● **Assigned task**:
Begin at the line that has "Delta Nicoli 1.2", stop after the line that has "UFFICIALE LBA - Happy", and print exactly those lines from the records below, without any pictures.

──────── Information

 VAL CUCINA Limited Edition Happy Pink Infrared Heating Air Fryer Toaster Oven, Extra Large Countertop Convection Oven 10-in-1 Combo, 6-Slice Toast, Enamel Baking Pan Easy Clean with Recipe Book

────────────────
──────── Information

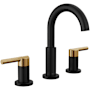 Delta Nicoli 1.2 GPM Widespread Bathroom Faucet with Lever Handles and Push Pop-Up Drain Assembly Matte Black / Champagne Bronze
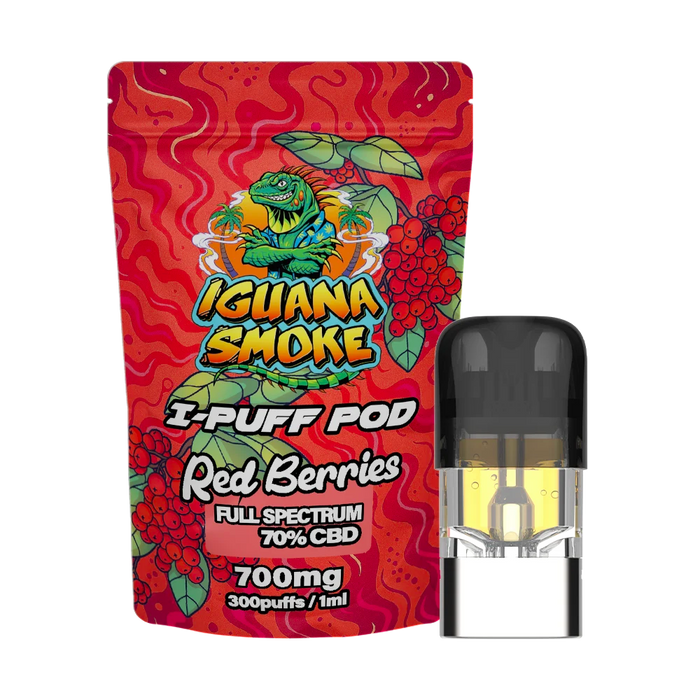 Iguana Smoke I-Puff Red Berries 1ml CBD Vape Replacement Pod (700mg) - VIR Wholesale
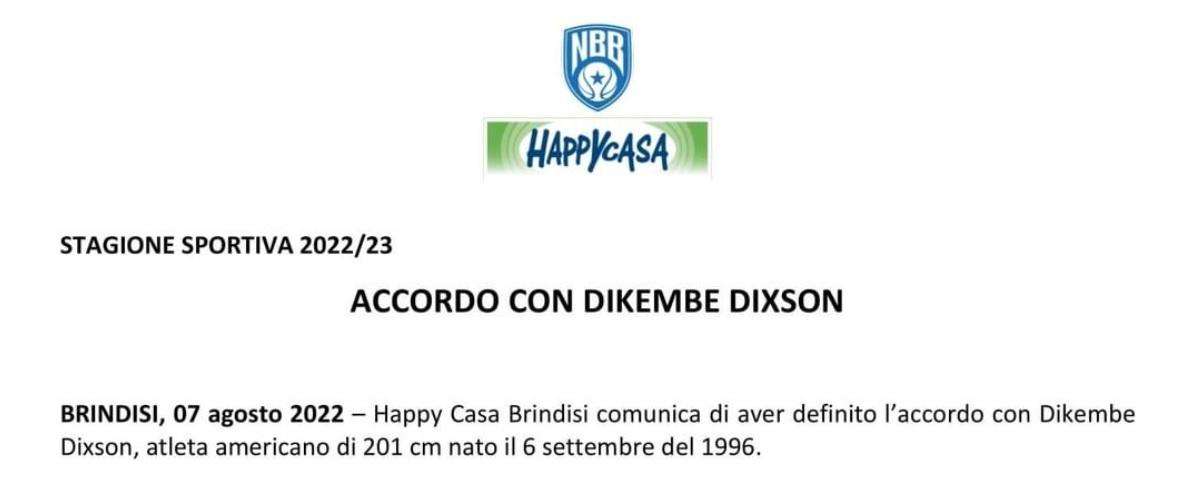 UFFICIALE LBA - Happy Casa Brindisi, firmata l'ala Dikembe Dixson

────────────────
──────── Information

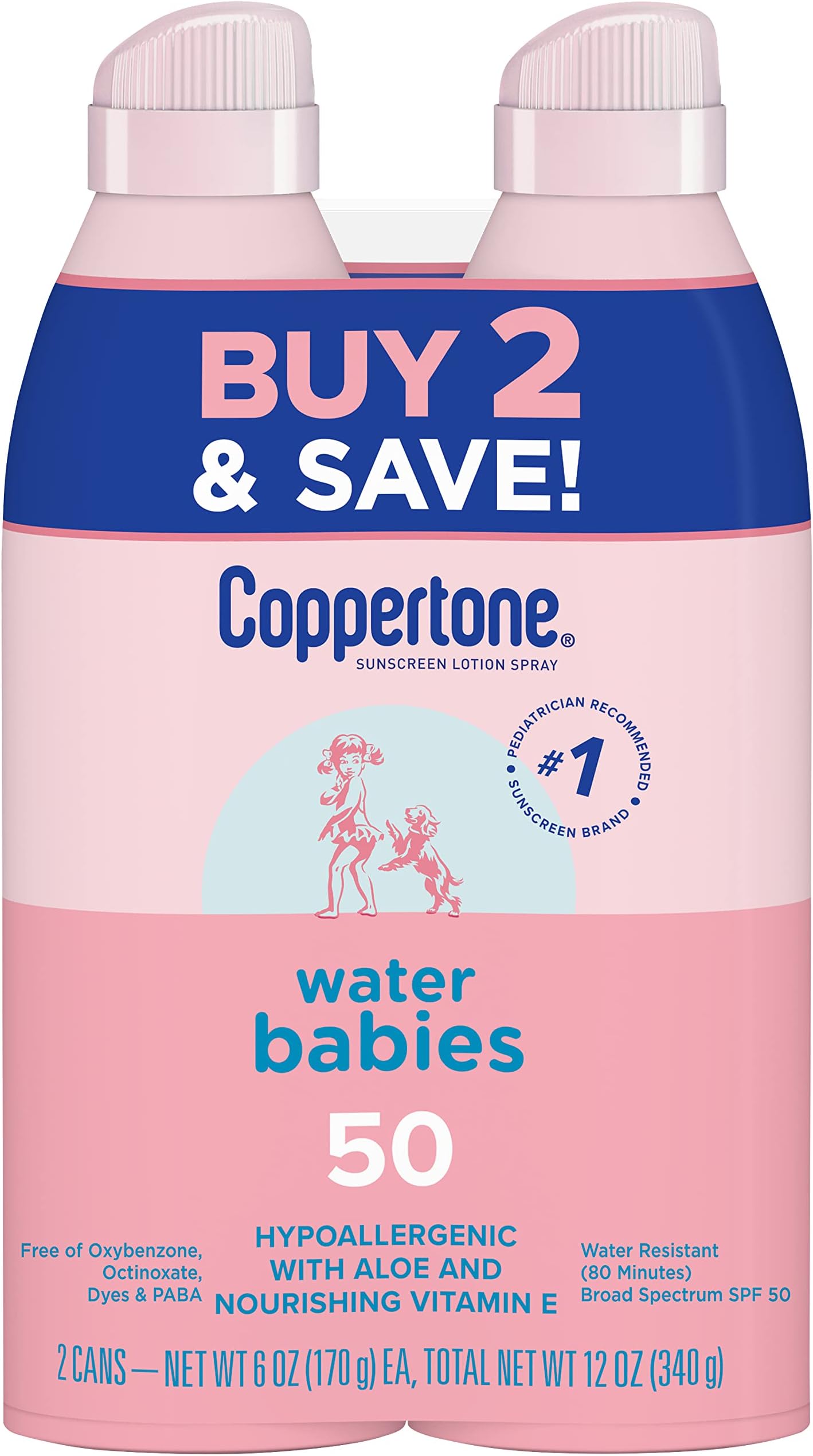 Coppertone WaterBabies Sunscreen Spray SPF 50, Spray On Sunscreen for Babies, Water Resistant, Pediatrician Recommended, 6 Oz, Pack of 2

────────────────

● **Answer box**:
 Delta Nicoli 1.2 GPM Widespread Bathroom Faucet with Lever Handles and Push Pop-Up Drain Assembly Matte Black / Champagne Bronze
 Iguana Smoke I-Puff Red Berries 1ml CBD Vape Replacement Pod (700mg) - VIR Wholesale
 UFFICIALE LBA - Happy Casa Brindisi, firmata l'ala Dikembe Dixson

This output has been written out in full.